We note that the effects reported here are comparably small, potentially limiting the practical applicability of this work. It is also worth noting that the New Zealand sample was comparatively smaller than the USA sample (n = 509 versus n = 1,471), which may have resulted in lower power to detect significant effects should they exist in the New Zealand sample, in particular in relation to detecting a significant interaction between moral identity and political ideology on adherence (H4a and H4b). Further research is needed to replicate this finding with a larger sample. Despite this, our findings further our understanding of how moral identity and political ideology interact to shape attitudes and behavioral intentions. These insights can inform future related work, highlighting important considerations when addressing issues that may become moralized. Furthermore, we note that the effects of interest are of comparable size to other variables that have emerged as relevant in the wider literature (see full tables in the online appendix for comparisons), such as national identification (Van Bavel et al., 2022) or conspiracy beliefs (Earnshaw et al., 2020).
CONCLUSION
Using secondary data from a large‐scale international collaboration, we tested specific hypotheses regarding the roles of moral identity, political ideology, and national context in predicting people's reported adherence to and support for distinct COVID‐19 mitigation measures. Our hypotheses received mixed support. The findings highlight the significant challenges associated with establishing new norms in an uncertain, complex, and evolving situation such as that posed by the COVID‐19 pandemic. We present initial evidence that in contexts where polarization is less extreme, there may be value in appealing to people's internal moral compass; however, this becomes more complicated in nations experiencing greater levels of affective polarization.
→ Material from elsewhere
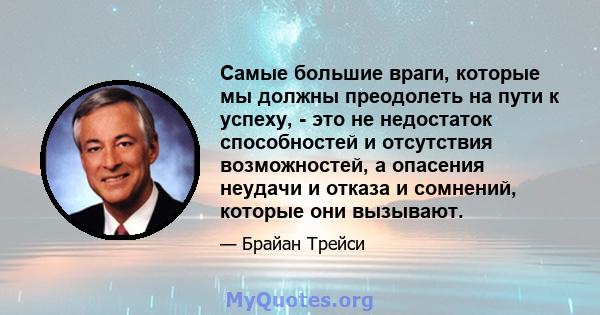 Самые большие враги, которые мы должны преодолеть на пути к успеху, - это не недостаток способностей и отсутствия возможностей, а опасения неудачи и отказа и сомнений, которые они вызывают.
This means that, counter to intuitive wisdom, framing COVID‐19 as a moral issue does not guarantee success and may even undermine compliance with the mitigation COVID‐19 measures. Moral framing may lead people to draw parallels to their own moral values (e.g., fairness/equality versus individual freedoms; see Feinberg & Willer, 2019), reinforcing existing disagreements.
Supporting information
Acknowledgment
Correspondence concerning this article should be addressed to Cillian McHugh, Department of Psychology, University of Limerick, Limerick, V94 T9PX, Ireland. E‐mail: cillian.mchugh@ul.ie Open access funding provided by IReL.
Footnotes
We also note that ideological differences in support for COVID‐19 mitigation measures may not necessarily depend on moral values. That is, liberals may simply be more likely to support the measures because they are more supportive of government intervention more generally (Campbell & Kay, 2014). This being the case, we would not expect moral identity to influence support for mitigation measures or to interact with political ideology in influencing support for the same.